LOS últimos estudios sobre la solidaridad en los chimpancés están arrojando conclusiones esperanzadoras para los chimpancés, pero desoladoras para los humanos. Los investigadores del Instituto Max Planck han descubierto que los chimpancés son muy capaces de sacrificarse por el bien del grupo a expensas del interés propio. Así sucede cuando, al precio de un feo mordisco o algo peor, salen a patrullar las fronteras de su territorio para hostigar a clanes vecinos, recalificar áreas no urbanizables y apoderarse de las hembras del prójimo. Nada que no se cuente en la Ilíada, o sea.

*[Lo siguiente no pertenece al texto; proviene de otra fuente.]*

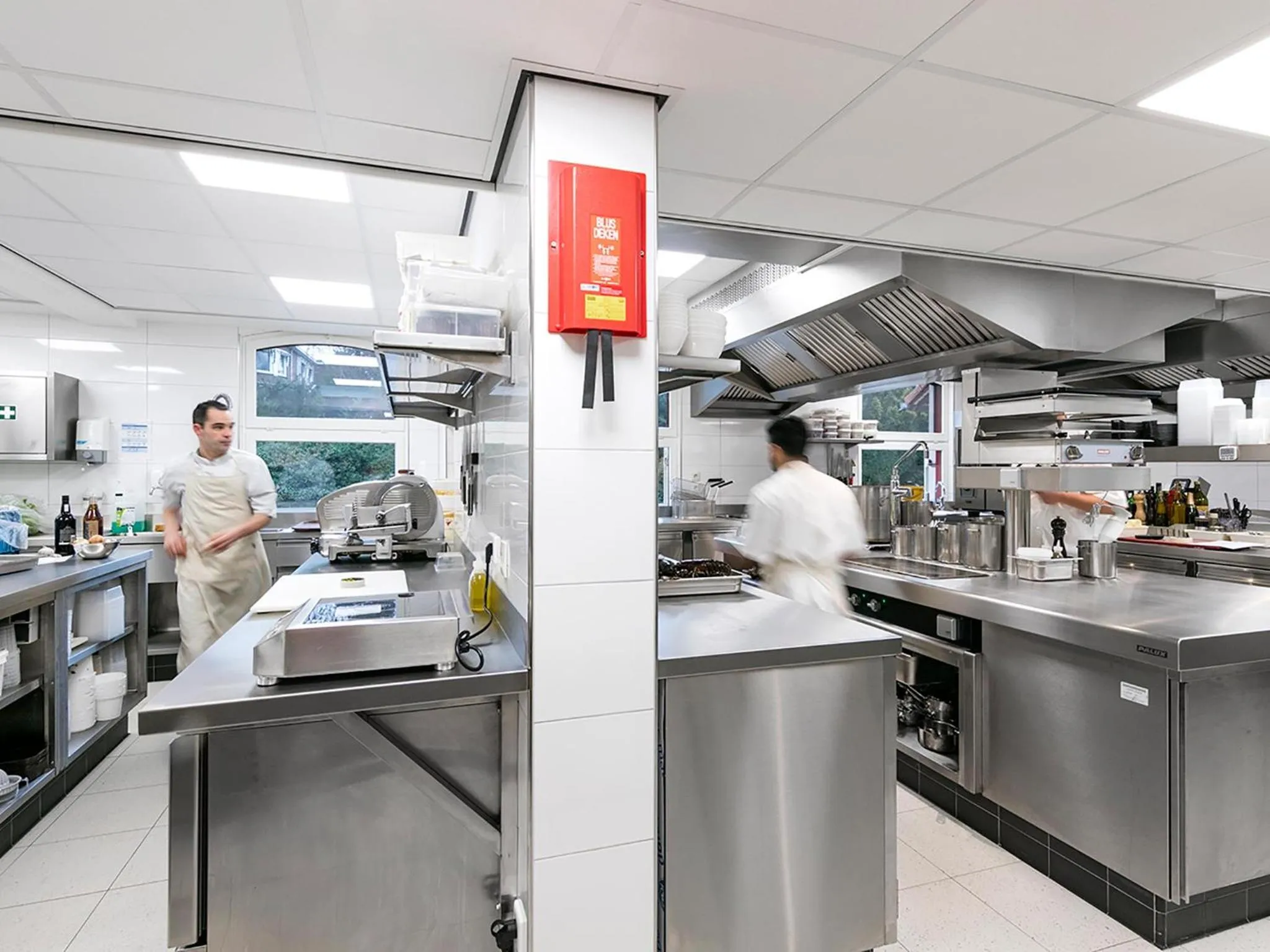 Property building in Valuas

Ahora bien, ellos no practican tales aficiones por las mismas razones que nosotros: por el puro gusto de hacer la guerra y, si se puede, el amor. Los chimpancés carecerán de epopeyas en hexámetro dactílico, pero puesto a elegir entre zamparse dos platos de comida él solo o redistribuirlos equitativamente con el compañero en ayunas, nuestro mono tiende a elegir la segunda opción. ¿Solidaridad genuina o instinto de supervivencia de la especie?, se preguntan los científicos. Como si los teólogos no hubieran resuelto hace siglos el falso dilema: la observación de la norma moral conduce al hombre a la felicidad no a costa de reducir la de sus hermanos, sino justamente a causa de extenderla. Las tablas mosaicas no serían por tanto la codificación de un Dios caprichoso, sino una decantación secular de pruebas espontáneas y errores sangrientos. Si los mandamientos parecen puestos a joder es solo porque convivir, efectivamente, a menudo resulta una jodienda.

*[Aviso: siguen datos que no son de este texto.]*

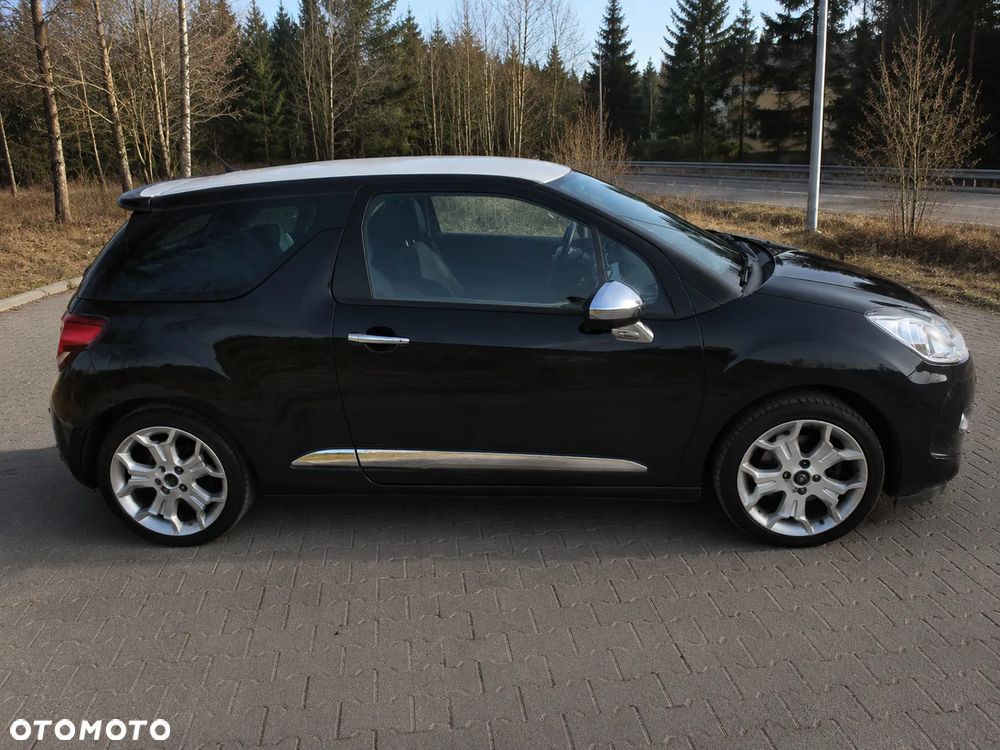 Citroën DS3 1.6 THP SportChic - 4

De modo que si los humanos fuésemos animales prácticos, ceñidos a nuestro instinto de supervivencia, observaríamos siempre una conducta forzosamente moral. Porque sentiríamos el bien que hacemos al otro repercutiendo en el nuestro propio. Sin embargo estamos condenados a la libertad, constató Sartre. Y por tanto expuestos a la estupidez, cuyos principios resumió el profesor Cipolla en la tercera ley fundamental de la estupidez humana: «Una persona es estúpida si causa daño a otras personas o grupo de personas sin obtener ella ganancia personal alguna, o, incluso peor, provocándose daño a sí misma en el proceso». Los chimpancés están libres de esta condena precisamente porque no son libres en absoluto. En cambio los concejales de Ahora Madrid sí lo son. Su código ético nos beneficiaba a todos porque les concernía ante todo a ellos mismos, que gestionan nuestro dinero y nuestra ciudad. Podemos concluir, por tanto, que sacrificar el precepto en lugar de sacrificar a los concejales que lo incumplieron constituye un acto científico de estupidez. Porque el resto de la comunidad, que está mirando y que a diferencia de otros grandes simios sí goza del sufragio, acabará afeándoles en las urnas tan desorejada hipocresía. La historia, que es la zoología de los sapiens sapiens, enseña que el egoísmo patente de los menos atrae el castigo indignado de los más.
–Los egoísmos nacionales son venenos lentos que mantienen nuestra incapacidad colectiva para aceptar nuestro desafío histórico– ha declarado, en lenguaje netamente darwiniano, Emmanuel Macron, que en estos momentos exhibe la espalda más plateada del europeísmo.
Pero en esto del nacionalismo poco podemos aprender de los chimpancés, animales fieramente plurinacionales que defienden su pedazo de peluda soberanía sin esperar a que se pronuncie el Tribunal Constitucional.